Restou à promotora e a um policial, inclusive, a reza de despedida do morto em uma sala do presídio a poucos metros do autor do crime. “Bem que liguei para a ex-mulher do homem, mas ela não quis saber. Apenas informou o nome, a única identificação do morto”, ela relembra por telefone.
Ainda sobre o presídio, ela relata que a maior reclamação vem das mulheres dos presos. “Se uma mulher de preso chega no horário de visita e não tem uma policial feminina, a visita não é permitida. Tem apenas uma na cidade e, quando está de folga, é um caos. Se tiver em folga a policial não pode fazer as revistas”, exemplifica.

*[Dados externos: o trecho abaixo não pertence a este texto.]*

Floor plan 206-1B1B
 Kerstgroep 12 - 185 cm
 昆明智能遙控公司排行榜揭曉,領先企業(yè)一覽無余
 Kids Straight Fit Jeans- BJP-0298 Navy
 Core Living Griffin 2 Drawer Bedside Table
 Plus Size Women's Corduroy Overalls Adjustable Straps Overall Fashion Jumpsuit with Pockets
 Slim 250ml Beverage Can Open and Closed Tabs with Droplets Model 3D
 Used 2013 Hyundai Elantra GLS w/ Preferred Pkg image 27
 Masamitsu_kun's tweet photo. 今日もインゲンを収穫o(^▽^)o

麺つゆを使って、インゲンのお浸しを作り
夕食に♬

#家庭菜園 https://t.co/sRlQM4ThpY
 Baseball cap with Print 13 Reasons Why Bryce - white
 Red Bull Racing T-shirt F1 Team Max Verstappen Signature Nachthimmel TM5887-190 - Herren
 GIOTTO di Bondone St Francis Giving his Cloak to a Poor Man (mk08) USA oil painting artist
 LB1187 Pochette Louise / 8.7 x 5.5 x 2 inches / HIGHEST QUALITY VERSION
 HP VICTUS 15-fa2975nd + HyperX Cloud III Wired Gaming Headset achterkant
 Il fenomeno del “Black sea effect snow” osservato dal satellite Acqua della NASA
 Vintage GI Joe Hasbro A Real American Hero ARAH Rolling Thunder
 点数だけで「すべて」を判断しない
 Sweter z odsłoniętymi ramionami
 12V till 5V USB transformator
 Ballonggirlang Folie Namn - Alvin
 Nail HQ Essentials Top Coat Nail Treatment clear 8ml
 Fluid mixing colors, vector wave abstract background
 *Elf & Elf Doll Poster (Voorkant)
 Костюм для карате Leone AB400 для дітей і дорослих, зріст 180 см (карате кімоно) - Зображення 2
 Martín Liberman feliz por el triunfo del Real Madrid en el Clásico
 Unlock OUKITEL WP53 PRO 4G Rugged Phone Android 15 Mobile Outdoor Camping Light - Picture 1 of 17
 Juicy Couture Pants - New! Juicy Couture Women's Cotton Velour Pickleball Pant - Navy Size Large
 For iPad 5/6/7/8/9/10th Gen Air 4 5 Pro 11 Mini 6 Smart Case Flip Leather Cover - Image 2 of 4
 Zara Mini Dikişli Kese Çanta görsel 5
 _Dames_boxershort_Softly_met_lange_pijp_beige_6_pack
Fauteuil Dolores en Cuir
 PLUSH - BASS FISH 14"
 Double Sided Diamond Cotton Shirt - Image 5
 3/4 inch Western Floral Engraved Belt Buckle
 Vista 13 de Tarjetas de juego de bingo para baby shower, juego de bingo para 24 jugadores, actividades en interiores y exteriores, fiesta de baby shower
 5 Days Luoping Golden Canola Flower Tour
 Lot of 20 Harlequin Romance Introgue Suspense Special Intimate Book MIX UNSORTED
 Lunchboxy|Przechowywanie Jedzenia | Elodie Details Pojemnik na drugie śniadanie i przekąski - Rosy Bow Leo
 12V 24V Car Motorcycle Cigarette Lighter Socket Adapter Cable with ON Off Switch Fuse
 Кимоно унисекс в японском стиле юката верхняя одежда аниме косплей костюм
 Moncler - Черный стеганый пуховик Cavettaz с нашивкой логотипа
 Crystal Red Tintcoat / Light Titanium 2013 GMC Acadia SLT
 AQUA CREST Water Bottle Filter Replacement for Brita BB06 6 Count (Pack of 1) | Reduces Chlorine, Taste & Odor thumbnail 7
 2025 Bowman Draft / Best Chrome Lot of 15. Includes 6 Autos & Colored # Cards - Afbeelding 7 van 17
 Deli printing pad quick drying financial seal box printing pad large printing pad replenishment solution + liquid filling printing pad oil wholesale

Rifa de lote ajuda na “vaquinha”

Presidente da OAB de Caiapônia, Rômulo Pereira doa lote para rifa
Professores, comerciantes e até garis andam com carnês da rifa de um lote avaliado em R$ 32 mil no Centro de Caiapônia. Para participar do sorteio é preciso desembolsar R$ 30. Doado pelo presidente da OAB, seccional de Caiapônia, Rômulo Pereira da Costa, a venda dos carnês engordou a conta para a construção do novo presídio para quase R$ 100 mil. “Doei o lote porque sempre participo da OAB na diretoria e, agora na presidência, precisava contribuir. Todo mundo está participando, decidi assumir o protagonismo”, disse.
O lote atualmente está avaliado em R$ 32 mil à vista, diz o advogado, e R$ 60 mil à prestação. “Apenas com a venda de todos os carnês que distribui, inclusive, para os 62 advogados da região, estimamos arrecadar pelo menos R$ 90 mil. Mesmo que todos não sejam vendidos, garantimos pelo menos R$ 65 mil”, aguarda Rômulo.
A intenção é construir um novo presídio, em outro local, que deverá ser estudado pela prefeitura. Mas isso só vai ser possível se o dinheiro ultrapassar a estimativa, ou seja, mais de R$ 200 mil. Caso contrário, o antigo será demolido e o novo deve preencher os 70% de área restante.
Em resposta sobre a expectativa dos presos, Rômulo Pereira brinca: “Eles acham que é para melhorar a vida deles, mas é para caber mais”. Conforme a juíza Gabriela Maria de Oliveira Franco, até o trabalho de presos pode ser considerado para a construção da nova cadeia pública. “Pretendemos diminuir o tempo de prisão. A cada três dias de trabalho, um dia de pena a menos. Evidentemente vamos considerar o bom comportamento, mesmo com presos do regime fechado. Vai ser bom para toda a sociedade.”